▶ TASK GOAL
Say how many lines of the material below contain the word "live", with no other words.

★ ★ ★

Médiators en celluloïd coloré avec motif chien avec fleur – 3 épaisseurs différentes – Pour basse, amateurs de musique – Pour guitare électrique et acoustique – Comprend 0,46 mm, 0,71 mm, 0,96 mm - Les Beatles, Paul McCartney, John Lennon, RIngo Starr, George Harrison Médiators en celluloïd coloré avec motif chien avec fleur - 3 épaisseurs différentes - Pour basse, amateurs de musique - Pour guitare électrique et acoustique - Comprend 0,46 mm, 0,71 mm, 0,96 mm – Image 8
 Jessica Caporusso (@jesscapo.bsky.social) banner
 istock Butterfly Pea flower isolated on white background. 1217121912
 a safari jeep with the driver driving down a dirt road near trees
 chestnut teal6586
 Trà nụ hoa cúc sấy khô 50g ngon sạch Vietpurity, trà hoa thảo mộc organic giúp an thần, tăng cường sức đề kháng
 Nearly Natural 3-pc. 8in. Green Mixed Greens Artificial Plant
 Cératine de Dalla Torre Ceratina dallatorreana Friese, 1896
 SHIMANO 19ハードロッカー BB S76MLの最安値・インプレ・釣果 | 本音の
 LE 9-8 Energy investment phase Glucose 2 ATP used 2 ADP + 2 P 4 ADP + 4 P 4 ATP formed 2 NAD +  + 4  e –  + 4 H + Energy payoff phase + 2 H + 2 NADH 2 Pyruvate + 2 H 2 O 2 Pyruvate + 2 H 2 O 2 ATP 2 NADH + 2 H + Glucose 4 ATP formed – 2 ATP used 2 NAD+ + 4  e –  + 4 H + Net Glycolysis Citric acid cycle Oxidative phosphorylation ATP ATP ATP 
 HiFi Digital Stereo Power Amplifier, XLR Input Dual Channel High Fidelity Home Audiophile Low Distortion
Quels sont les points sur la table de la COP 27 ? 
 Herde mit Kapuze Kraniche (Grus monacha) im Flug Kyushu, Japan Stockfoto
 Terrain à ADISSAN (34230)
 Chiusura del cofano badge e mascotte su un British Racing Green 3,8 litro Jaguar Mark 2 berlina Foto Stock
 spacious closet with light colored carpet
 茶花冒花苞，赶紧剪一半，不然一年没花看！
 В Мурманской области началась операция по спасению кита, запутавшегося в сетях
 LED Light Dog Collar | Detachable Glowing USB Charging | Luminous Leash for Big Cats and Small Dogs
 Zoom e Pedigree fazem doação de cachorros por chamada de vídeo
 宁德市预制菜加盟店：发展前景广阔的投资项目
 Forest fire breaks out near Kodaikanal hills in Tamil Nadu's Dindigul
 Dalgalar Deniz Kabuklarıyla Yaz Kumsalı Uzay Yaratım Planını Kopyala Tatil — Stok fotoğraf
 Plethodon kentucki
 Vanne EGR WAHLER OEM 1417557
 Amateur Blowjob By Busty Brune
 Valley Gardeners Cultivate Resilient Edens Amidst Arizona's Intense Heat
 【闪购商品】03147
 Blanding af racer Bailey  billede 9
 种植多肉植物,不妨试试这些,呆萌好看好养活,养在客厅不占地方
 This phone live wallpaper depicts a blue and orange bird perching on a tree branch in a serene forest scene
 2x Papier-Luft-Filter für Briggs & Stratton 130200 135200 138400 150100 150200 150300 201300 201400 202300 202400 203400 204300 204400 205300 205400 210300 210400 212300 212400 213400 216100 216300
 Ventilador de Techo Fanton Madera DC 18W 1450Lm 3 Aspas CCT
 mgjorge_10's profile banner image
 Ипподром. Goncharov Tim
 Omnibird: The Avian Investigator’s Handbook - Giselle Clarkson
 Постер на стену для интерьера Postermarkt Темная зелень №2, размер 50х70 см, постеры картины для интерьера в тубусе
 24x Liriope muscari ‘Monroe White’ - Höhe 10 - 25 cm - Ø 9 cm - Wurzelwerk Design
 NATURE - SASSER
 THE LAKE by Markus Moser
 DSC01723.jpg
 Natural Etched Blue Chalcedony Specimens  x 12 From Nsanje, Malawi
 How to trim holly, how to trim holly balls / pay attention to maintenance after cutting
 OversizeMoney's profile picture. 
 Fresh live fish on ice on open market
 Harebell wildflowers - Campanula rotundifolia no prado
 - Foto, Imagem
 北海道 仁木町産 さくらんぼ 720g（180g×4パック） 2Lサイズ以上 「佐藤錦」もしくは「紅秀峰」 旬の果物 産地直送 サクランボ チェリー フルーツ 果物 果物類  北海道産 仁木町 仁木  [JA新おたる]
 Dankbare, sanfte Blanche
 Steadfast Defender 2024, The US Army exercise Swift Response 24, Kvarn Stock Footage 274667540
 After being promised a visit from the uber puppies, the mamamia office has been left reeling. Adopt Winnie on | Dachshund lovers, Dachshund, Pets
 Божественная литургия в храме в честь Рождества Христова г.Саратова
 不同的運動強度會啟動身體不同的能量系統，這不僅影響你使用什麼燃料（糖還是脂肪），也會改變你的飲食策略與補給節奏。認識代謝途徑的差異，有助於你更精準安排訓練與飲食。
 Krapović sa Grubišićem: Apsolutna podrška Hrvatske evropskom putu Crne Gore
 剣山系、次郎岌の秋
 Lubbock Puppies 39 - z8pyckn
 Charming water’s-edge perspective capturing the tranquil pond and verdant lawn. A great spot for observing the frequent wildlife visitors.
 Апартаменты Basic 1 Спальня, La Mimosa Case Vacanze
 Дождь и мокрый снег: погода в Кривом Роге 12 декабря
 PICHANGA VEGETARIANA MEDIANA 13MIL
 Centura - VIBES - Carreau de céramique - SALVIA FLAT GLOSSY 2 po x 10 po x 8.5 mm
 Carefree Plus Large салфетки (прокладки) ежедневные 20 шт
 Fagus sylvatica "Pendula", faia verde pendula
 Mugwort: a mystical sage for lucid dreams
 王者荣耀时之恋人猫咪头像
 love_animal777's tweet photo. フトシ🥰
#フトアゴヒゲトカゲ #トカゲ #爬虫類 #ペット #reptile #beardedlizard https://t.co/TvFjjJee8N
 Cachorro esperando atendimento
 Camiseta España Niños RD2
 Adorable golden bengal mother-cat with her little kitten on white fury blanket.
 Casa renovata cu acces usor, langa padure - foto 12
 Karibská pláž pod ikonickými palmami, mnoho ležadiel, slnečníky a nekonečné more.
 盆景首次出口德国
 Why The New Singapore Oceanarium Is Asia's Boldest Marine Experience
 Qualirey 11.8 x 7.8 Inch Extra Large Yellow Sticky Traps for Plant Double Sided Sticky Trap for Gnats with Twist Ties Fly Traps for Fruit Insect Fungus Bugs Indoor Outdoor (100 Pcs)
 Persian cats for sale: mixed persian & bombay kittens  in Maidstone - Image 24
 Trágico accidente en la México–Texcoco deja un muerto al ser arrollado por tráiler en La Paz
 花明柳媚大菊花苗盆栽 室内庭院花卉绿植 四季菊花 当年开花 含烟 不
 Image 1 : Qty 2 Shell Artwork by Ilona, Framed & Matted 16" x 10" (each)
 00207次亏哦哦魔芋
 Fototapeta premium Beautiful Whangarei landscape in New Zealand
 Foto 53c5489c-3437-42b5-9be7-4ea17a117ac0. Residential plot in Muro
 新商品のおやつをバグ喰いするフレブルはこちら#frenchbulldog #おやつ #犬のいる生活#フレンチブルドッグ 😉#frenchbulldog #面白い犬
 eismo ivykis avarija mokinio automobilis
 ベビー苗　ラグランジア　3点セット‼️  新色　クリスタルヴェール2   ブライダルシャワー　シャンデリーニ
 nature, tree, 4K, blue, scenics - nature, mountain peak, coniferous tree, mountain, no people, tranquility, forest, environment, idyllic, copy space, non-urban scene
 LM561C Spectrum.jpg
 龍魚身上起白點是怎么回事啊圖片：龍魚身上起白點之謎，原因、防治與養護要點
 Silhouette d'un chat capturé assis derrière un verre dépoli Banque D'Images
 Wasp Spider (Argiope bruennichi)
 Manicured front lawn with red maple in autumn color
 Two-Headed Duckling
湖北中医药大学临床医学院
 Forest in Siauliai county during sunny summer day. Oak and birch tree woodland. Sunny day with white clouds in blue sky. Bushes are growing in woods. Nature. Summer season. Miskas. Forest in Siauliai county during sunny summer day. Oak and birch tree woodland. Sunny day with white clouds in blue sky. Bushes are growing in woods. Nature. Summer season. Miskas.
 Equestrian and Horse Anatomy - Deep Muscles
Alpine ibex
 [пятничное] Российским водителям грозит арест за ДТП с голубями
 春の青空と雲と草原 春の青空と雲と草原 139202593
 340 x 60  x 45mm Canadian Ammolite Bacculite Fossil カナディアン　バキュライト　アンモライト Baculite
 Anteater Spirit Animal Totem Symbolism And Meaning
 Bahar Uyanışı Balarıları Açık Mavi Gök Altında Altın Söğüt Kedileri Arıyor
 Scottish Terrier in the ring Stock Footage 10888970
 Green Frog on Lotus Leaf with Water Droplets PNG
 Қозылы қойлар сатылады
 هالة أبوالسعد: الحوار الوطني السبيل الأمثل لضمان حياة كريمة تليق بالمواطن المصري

★ ★ ★

▶ TASK OUTPUT
2